• Assigned task
Nothing but the lines from the one containing "アンドガール4月号 DVD付きのサムネイル" through the last line of the records belongs in the answer, copied exactly and with the pictures left out.

----------------------------------------

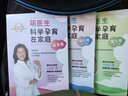 【新華正版】萌醫(yī)生科學(xué)孕育在家庭系列 華西兒科學(xué)教授毛萌著 新手爸媽的千萬個疑問兒科專家為您解答 從卵子到孩子3歲家庭育兒手冊 新手爸媽懷孕育兒書籍 萌醫(yī)生科學(xué)孕育在家庭全三冊（嬰兒+幼兒+懷孕） 曬單實拍圖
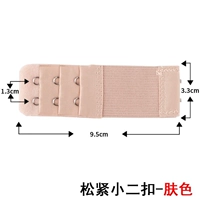 Обеспечьте маленький цвет кожи второго вывода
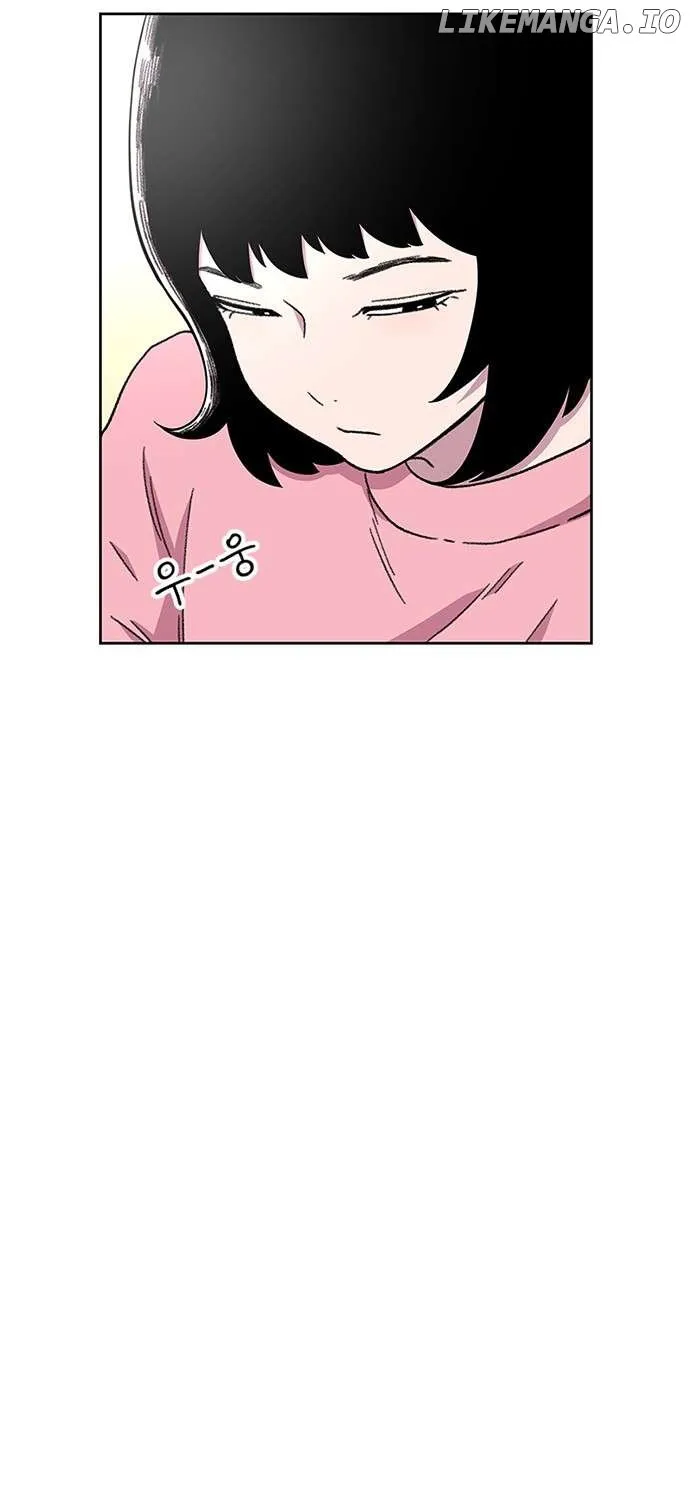 Star Ginseng Store Chapter 26 page 116 - 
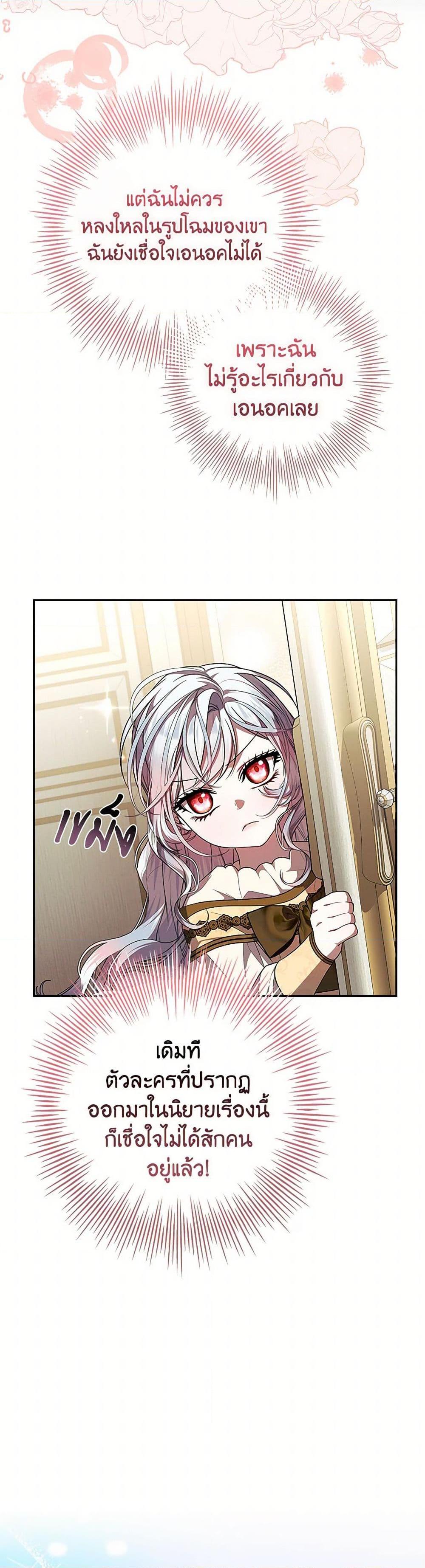 I Adopted A Villainous Dad ตอนที่ 68 5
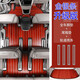 Xiaochang Ge 21 new Buick gl8 foot pad solid wood floor es 25s wood full surround Luzun 653t business vehicle modification special for real wood color [gold/silver bar middle seam] full car foot pad + trunk pad track decorative Buick GL8 - special for special car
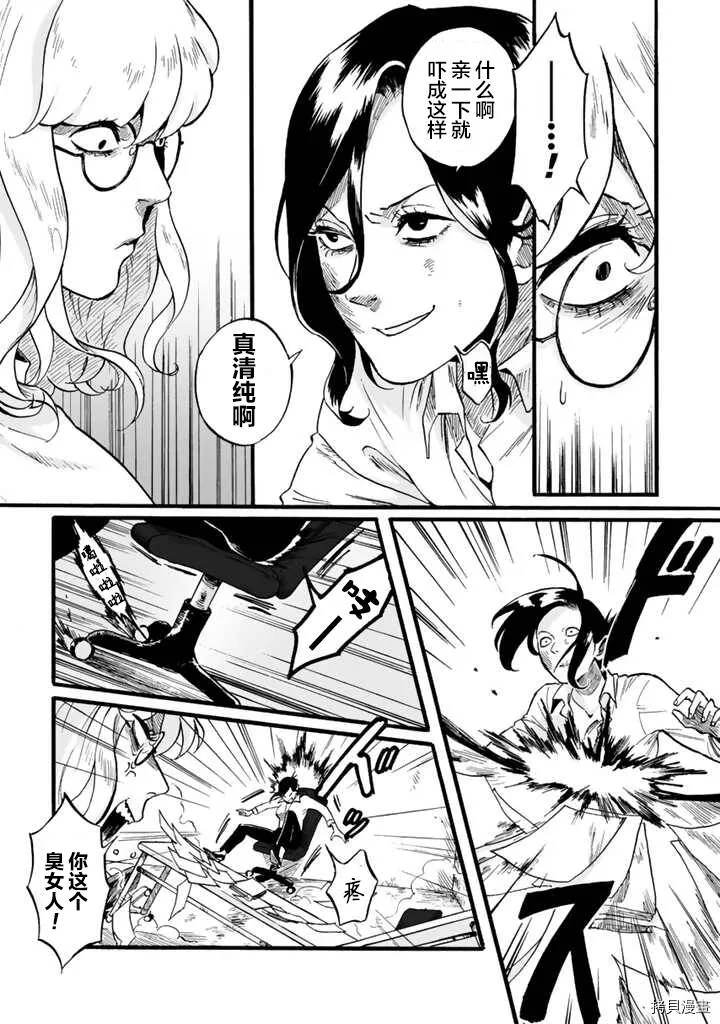 第01话 第26页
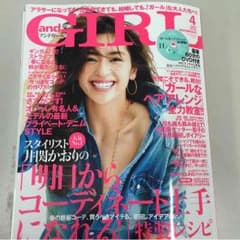 アンドガール4月号 DVD付きのサムネイル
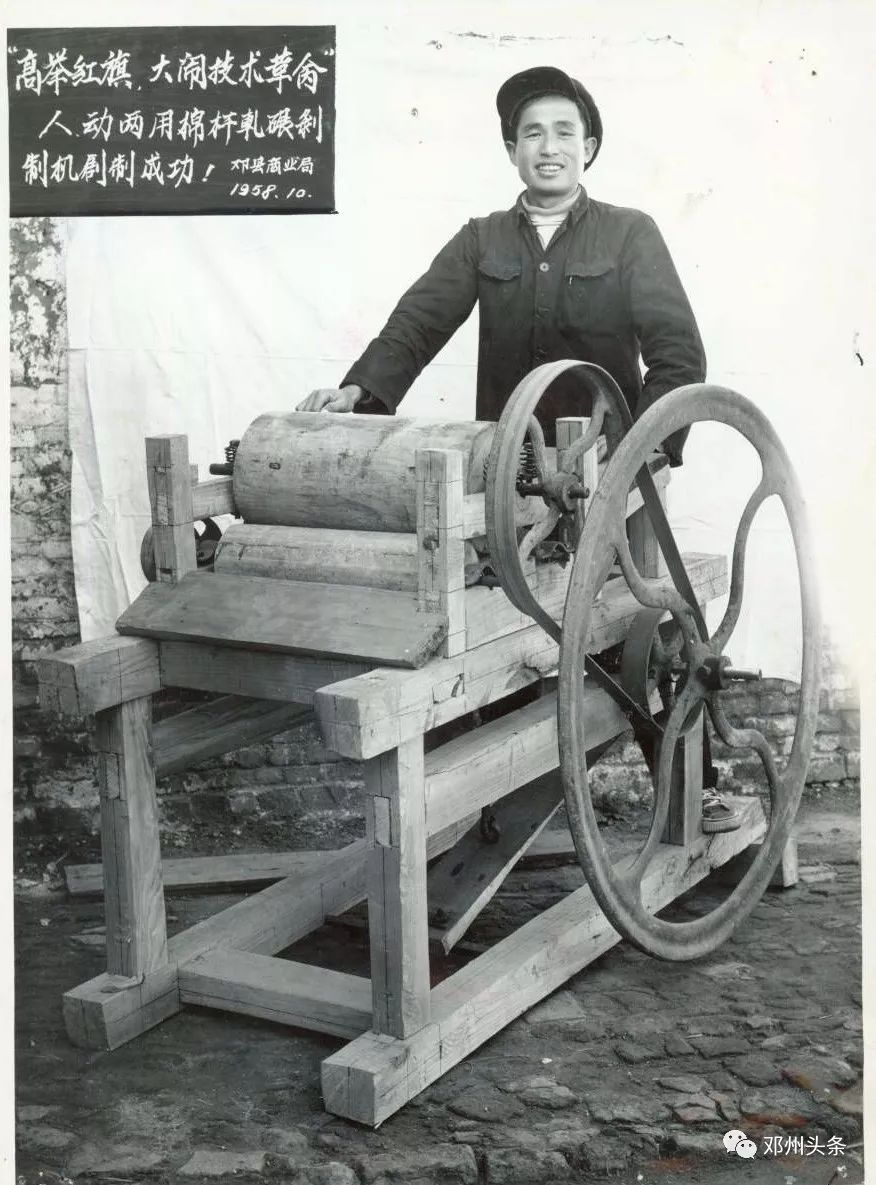 翻开老照片带你去看19491978年间邓县的样子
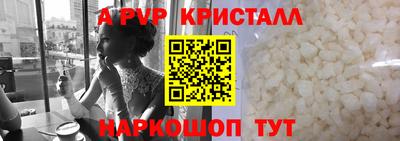 мефедрон VHQ Уссурийск
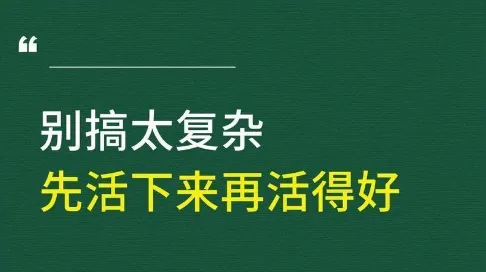 中小微企业:聚焦营销 生存保命!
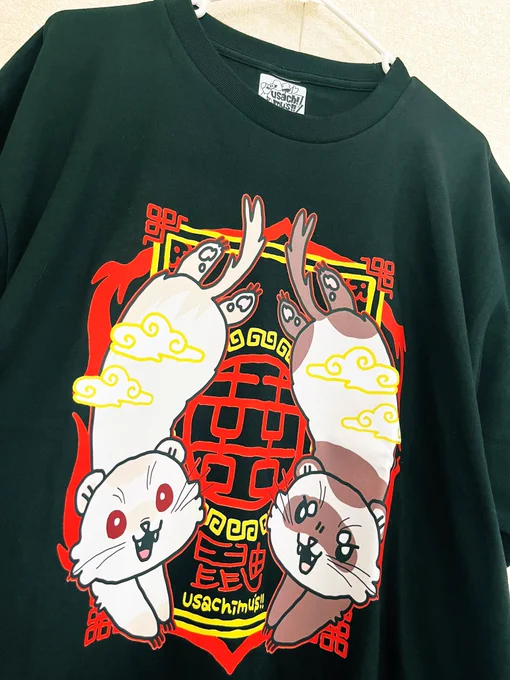【チャイナシリーズフェレット】下にロングTシャツやワイシャツを着てもおしゃれなチャイナシリーズ!!フェレット【鼬】元気でやんちゃなフェレット!!ローデンツ東京より販売します#usachimus#ローデンツ#pr #宣伝 #広告#フェレット 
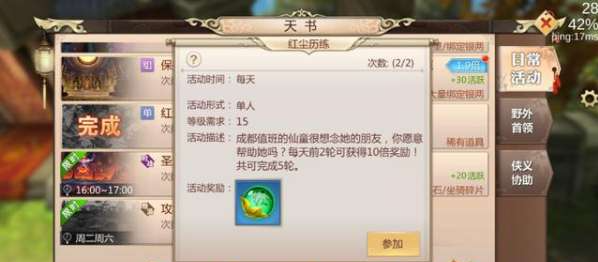 蜀门手游红尘历练怎么玩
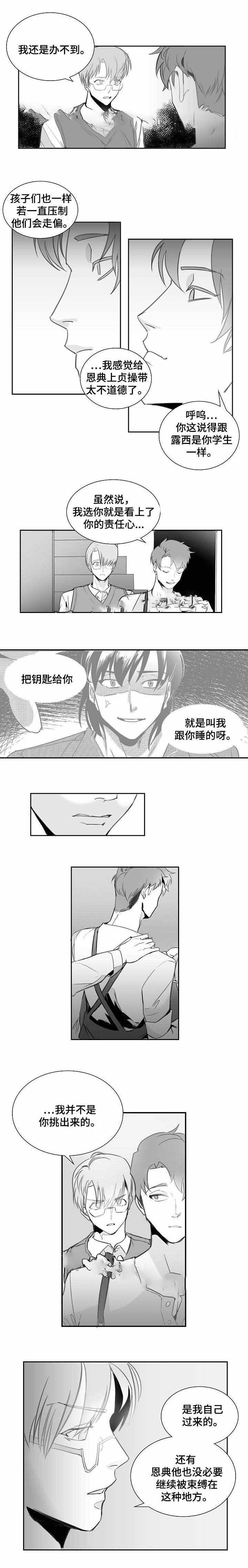 《师生同娱》漫画最新章节第11话免费下拉式在线观看章节第【1】张图片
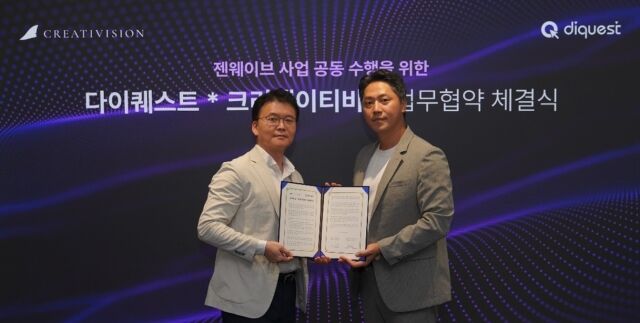 다이퀘스트 전승훈 대표와 크리에이티비젼 김재형 부대표가 업무협약을 체결하고 기념촬영을 하고 있다(왼쪽부터) /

----------------------------------------

• Solution to the problem
 アンドガール4月号 DVD付きのサムネイル
 翻开老照片带你去看19491978年间邓县的样子
 мефедрон VHQ Уссурийск
 中小微企业:聚焦营销 生存保命!
【チャイナシリーズフェレット】下にロングTシャツやワイシャツを着てもおしゃれなチャイナシリーズ!!フェレット【鼬】元気でやんちゃなフェレット!!ローデンツ東京より販売します#usachimus#ローデンツ#pr #宣伝 #広告#フェレット 
 蜀门手游红尘历练怎么玩
 《师生同娱》漫画最新章节第11话免费下拉式在线观看章节第【1】张图片
 다이퀘스트 전승훈 대표와 크리에이티비젼 김재형 부대표가 업무협약을 체결하고 기념촬영을 하고 있다(왼쪽부터) /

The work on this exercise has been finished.